Die Assoziation von Männlichkeit und Militär mag schon Jahrzehnte vor dem Ersten Weltkrieg zementiert worden sein, doch die Wehrpflicht veränderte den Blick der Gesellschaft auf Männer grundlegend, indem sie ihnen ihren freien Willen raubte und sie zwang, sich zu fügen. Mit anderen Worten, sie machte ihre Männlichkeit obligatorisch.

In dem Moment, als man die Männer der Möglichkeit beraubte zu wählen, ob sie in den Krieg zogen oder nicht, gab es einen neuen, staatlich sanktionierten Bedarf an Männlichkeit. Wehrdienstverweigerer und Pazifisten, die sich zu kämpfen weigerten, riskierten, ins Gefängnis zu gehen, aber bedeutsamer ist vielleicht, dass sie großer gesellschaftlicher Ächtung ausgesetzt waren und in den Augen mancher selbst heute noch als Feiglinge gelten. In einer Folge von Question Time im Jahr 2009 reagierte Nick Griffin (der damalige Anführer der ultrarechten British National Party) auf Anschuldigungen von Jack Straw (zu dem Zeitpunkt Justizminister), er sei ein Nazi-Unterstützer, mit dem Hinweis, sein eigener Vater habe im Zweiten Weltkrieg in der Royal Air Force gedient, während Straws Vater im Gefängnis gesessen habe, weil er »sich geweigert hatte, gegen Adolf Hitler zu kämpfen«12. Das war unleugbar eine billige Nummer, aber der Vorfall macht anschaulich, dass Wehrdienstverweigerer immer noch stigmatisiert werden. Es besteht kein Zweifel daran, dass viele derer, die im Krieg kämpften, dies widerstrebend taten, doch es herrschte allgemein Einigkeit darüber, dass es schlicht die Pflicht eines Mannes war, seinem Vaterland zu dienen, und dieser Pflicht unterwarf man sich fraglos. 1960 wurde die Wehrpflicht wieder aufgehoben, doch bis dahin war sie für zwei Generationen britischer Männer Realität gewesen, und auch wenn sich die rechtliche Situation geändert hat, sind die Einstellungen, die daraus erwuchsen, so fest in der Gesellschaft verankert, dass sie noch an zukünftige Generationen weitergegeben werden.

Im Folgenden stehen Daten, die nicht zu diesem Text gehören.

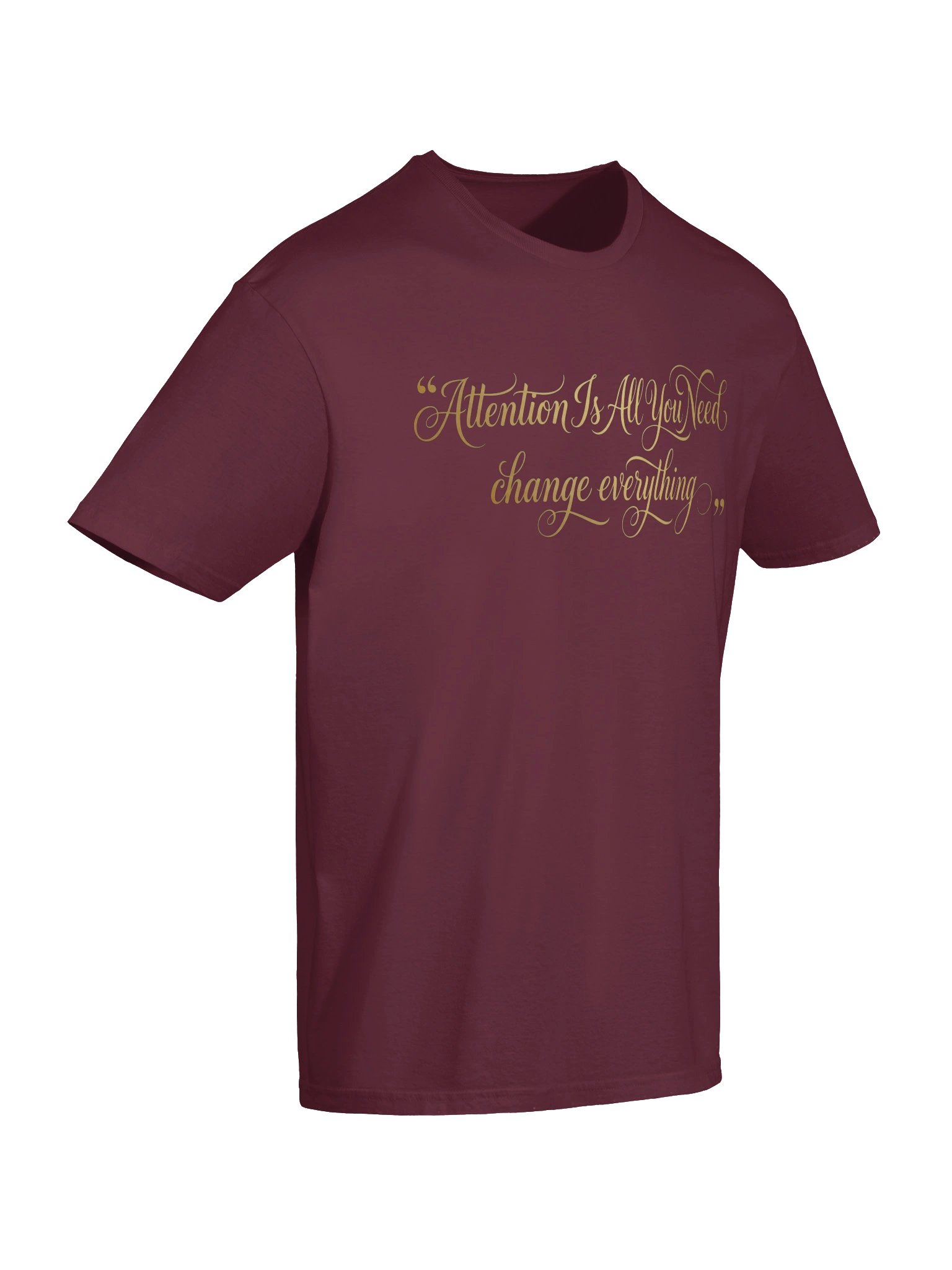 Attention Is All You Need T-Shirt — AI Transformer Paper Inspired Design product image (6)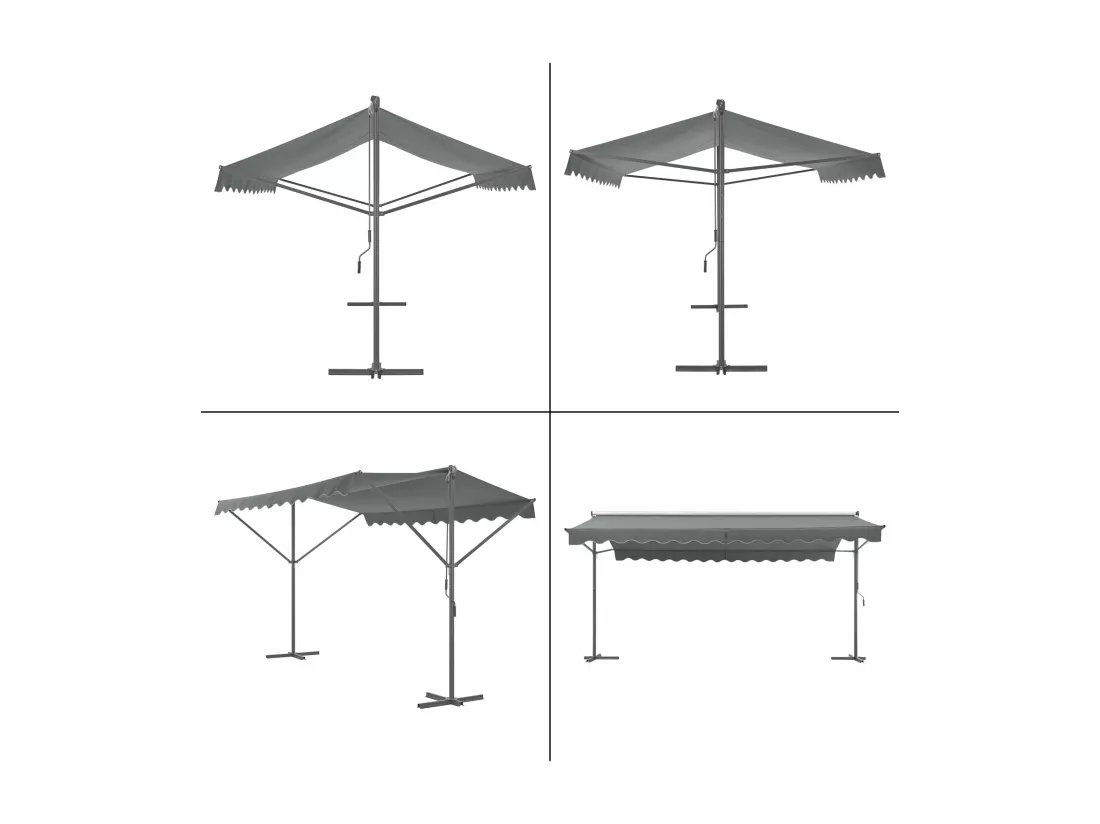 Store banne autoportant à grise 500 x 300 x 260 cm 03_0008296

Ich fasse mich hier kurz, denn über den emotionalen Tribut des Krieges habe ich bereits gesprochen, und auf das Militär komme ich später noch ausführlicher zurück, doch es ist wichtig: Nicht nur der Kriegsdienst war Pflicht – auch alles, was danach kam, war obligatorisch. Von den Männern wurde erwartet, mit dem Leben ganz normal weiterzumachen, und wenn es Probleme gab – insbesondere psychische –, hatten sie diese, wie alle anderen auch, klaglos durchzustehen. Weil es eine allgemeine Pflicht war, weil man nur einer von vielen war, die alle denselben Mist durchgemacht hatten, und weil man weder etwas Besonderes war noch einzigartig, war der Druck groß, es abzuschütteln, wie alle anderen es auch abzuschütteln schienen, und sich so zu verhalten wie alle anderen Männer auch. Infolgedessen betrachtete die Gesellschaft das, was unter Männern zur Norm wurde, zunehmend als männlichen Wesenszug. Männlichkeit ist im Kern schlicht ein Spiegel dessen, wie die Mehrheit der Männer agiert, und wenn ein Ereignis einen großen Prozentsatz der männlichen Bevölkerung verändert, verändert sich damit auch das, was wir als männlich erachten.